Madrid, 3 de enero de 2009
Nuestra excursión al Escorial se vio boicoteada por la lluvia. Yo había ya recogido la ropa tendida del patio, leído algunas páginas de un libro que me habían regalado aquella semana y ante el ordenador recordé la noche de Año Nuevo en que aparecimos en tu casa cuando el 2009 tenía ya cuatro horas de edad. Al día siguiente nos vimos en Casa Ciriaco, frente a mi casa. Al principio el local estaba frío como las mesas de mármol que lo llenaban; después fueron llegando los habituales y discutimos sobre Ignacio Zuluaga y Ortega y Gasset (alguien me contó una vez que escuchó en el metro cómo un padre le explicaba a su hija que Ortega y Gasset eran dos personas diferentes, Ortega uno, Gasset otro, grandes amigos, imagino, trabajando codo con codo como el doctor Jekyll y el señor Hyde), no sabíamos quién era el gordo de la foto y ahí ya nos peleamos; tuviste que pasarte al vodka.
Bueno, sólo quería desear Feliz Año a quien estuviera receptivo. Yo felicito el final del anterior (que, no lo neguemos, después de doce meses nos tiene a todos cansados, y con razón) hasta bien entrado febrero. Le pedí fuego a Demetrio, que es un hombre que tampoco lleva nunca encendedor porque intenta dejar de fumar cada tarde, pero que acaba siempre cruzando la calle para comprarse su paquete en el bar de enfrente y pidiendo fuego a Álex, el camarero, al que religiosamente se lo devuelve Demetrio al marcharse porque qué es un camarero de los de antes, como los de Casa Ciriaco, sin encendedor.
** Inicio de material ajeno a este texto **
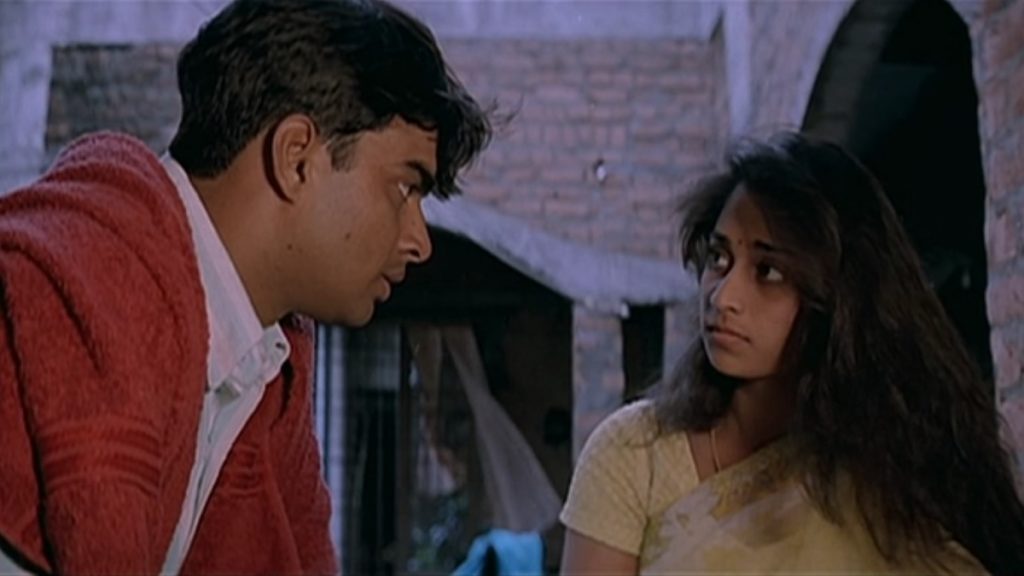 Vata Prakriti- Alaipayuthe (Prakritis in Relationship through Mani Ratnam's lens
Entonces volviste del baño e hicimos planes. Si los sumáramos todos podríamos estar ocupados por lo menos durante seis o siete años.
-¿Qué tal México? -me preguntaste.
Tan lejos que mi recuerdo se parece a mi querida vida imaginada, ésa que ocurre, te dije, entre el Campo del Moro y Moncloa, cansada a las siete y media de la mañana con el pelo todavía mojado y caminante entre personas con cara de vigilia: te recuerdo que hubo un día, hace años, en que todo estaba ahí colocado para nosotros, o ésa era nuestra sensación, y si yo hubiera tenido que discutirlo con alguien que me dijera que el mundo es el mismo para todos le hubiera dicho “señor, su existencia es de lo más triste, no me podría dar más pena ni tan sólo la imagen reflejada en el estanque de los pavos reales del parque empapados por la lluvia que nos impidió ir hoy al Escorial” si usted piensa que el mundo es el mismo lugar para todos. Si usted piensa tal cosa, señor Demetrio, no me extraña en absoluto que sea incapaz de dejar de fumar, pues para hacer algo es imprescindible ser capaz de imaginárselo primero, y entonces fue cuando me dijiste que los años y su duración se los habían inventado otros, ¿las horas también?, te pregunté, las horas también, me dijiste, las horas sobre todo, y que acababa un año, es cierto, pero la vida de nadie es un año o un segundo puntual sino un extenso mirador, me explicaste y cuando te pregunté si eso quería decir que mejor no esperar nada del 2009 tú pediste otro vodka. Te dije que era en Madrid donde yo había sido realmente feliz; donde me tocó vivir los años en que el mundo parecía hecho a medida y eso no se olvida, Francisco, así que Madrid puede de ahora en adelante cometer tantos errores como quiera porque siempre será la ciudad que imaginaba cuando la vida era poco más que aquello que imaginábamos mientras fumábamos diciendo que podríamos dejarlo en cuanto quisiéramos.